Grilled Swordfish & Corn on the Cob: It’s Not What’s For Dinner

grilled sword
S.A. Leys Photography

 

I knew the time was coming; I just didn’t know when. Sure enough – yesterday. Right there in the middle of the grocery store in front of all of the spices.
So let me preface this by telling you how great a cook my mom was. My mom was such a great cook that I was severely delayed in learning how to cook myself. Yes, I could cover the basics – spaghetti, a peanut butter and jelly sandwich, pork chops or chicken with shake and bake and yep, a pretty good stir-fry, but the rest of it – not so much.
During the last few years of caregiving for mom, she couldn’t cover the distance of grocery shopping as it was too much for her. So I did all of the cooking, menu stuff and grocery shopping myself, which isn’t so much to say “oh poor me” but it was a little more lonely not having her with me.
Initially, when she had gone with me, I used to ask her a ton of questions about cooking which she answered offering additional suggestions and ideas.
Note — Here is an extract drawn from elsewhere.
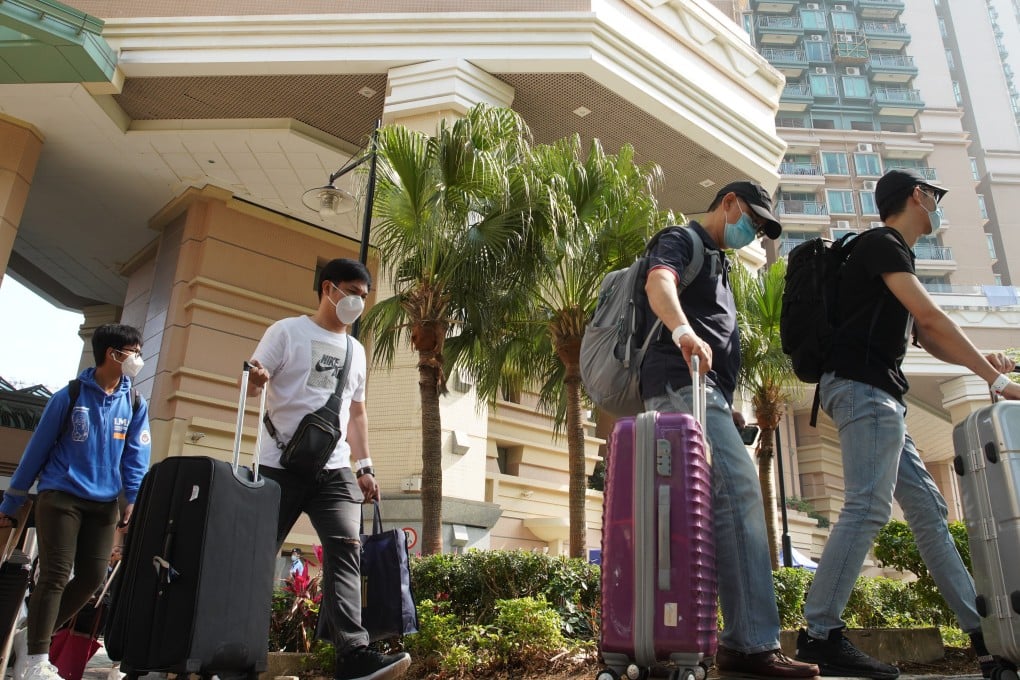 Some fully vaccinated residents of Tung Chung’s Caribbean Coast development are deeply unhappy with their mandatory quarantine order. Photo: Winson Wong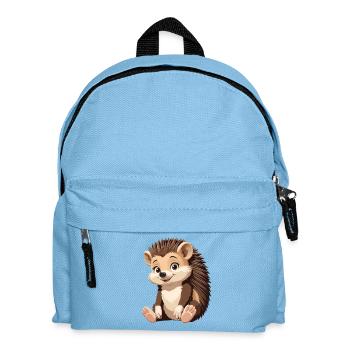 Cuddly hedgehog illustration - Kids' Backpack - light blue - Front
It was always fun to have her with me. And she loved talking about cooking and everything she’s learned along the way. But these last few years, she didn’t come as she was tired and due to a few too many surgeries on her legs for Basel cell melanoma type stuff, she had trouble walking.
And yes, there were times when we were together that she would give me the “are you kidding me??!” glare. Like when I asked her how many ounces are in a cup. She was clearly not pleased with this question and gave me “the glare”. As we stood there looking at each other, it slowly occurred to me that she was not going to tell me. So right there in the middle of the aisle, I grabbed my phone and asked: “Hey Siri, how many ounces are in a cup?” And when the voice from my little black box of wonderful information said “Susan, there are 8 ounces in a cup.” my mom shook her head and said, “I think we’re all in trouble”.
But the other 97% of the time, we had wonderful conversations about cooking; and her information and wisdom were always appreciated.
Yesterday, I found a really great recipe for white chicken chili. I thought I would make it for when Scott is here so that if he was hungry when he got here, it would already be made and ready to go. So I made my list, hopped in the car and went to the grocery store.
As I approached the spice aisle I started looking for the cracked black pepper that the recipe calls for. I thought to myself “why? what the heck is the difference between cracked black pepper and regular pepper and why does it even matter? Is anyone going to notice the difference and is it really going to affect a whole crock pot of chili?” So I grabbed my phone and started dialing.. 401.. 849.. and then I looked at my phone and remembered that mom had died; and then came the tears.
As I continued to stare at my phone, I suddenly felt like I was headed for the b.u.c. (the big ugly cry), so I called Regina. “hey quick question..” I said. “okay,” Regina said – and then all of the questions about cracked black pepper followed. I know for sure this is probably not the question she was expecting, but the cool thing about Regina and many of my other buds are that they have a way of answering questions in a grounding way with the same similar insight and wisdom that mom would have.
This is not going to be an easy journey.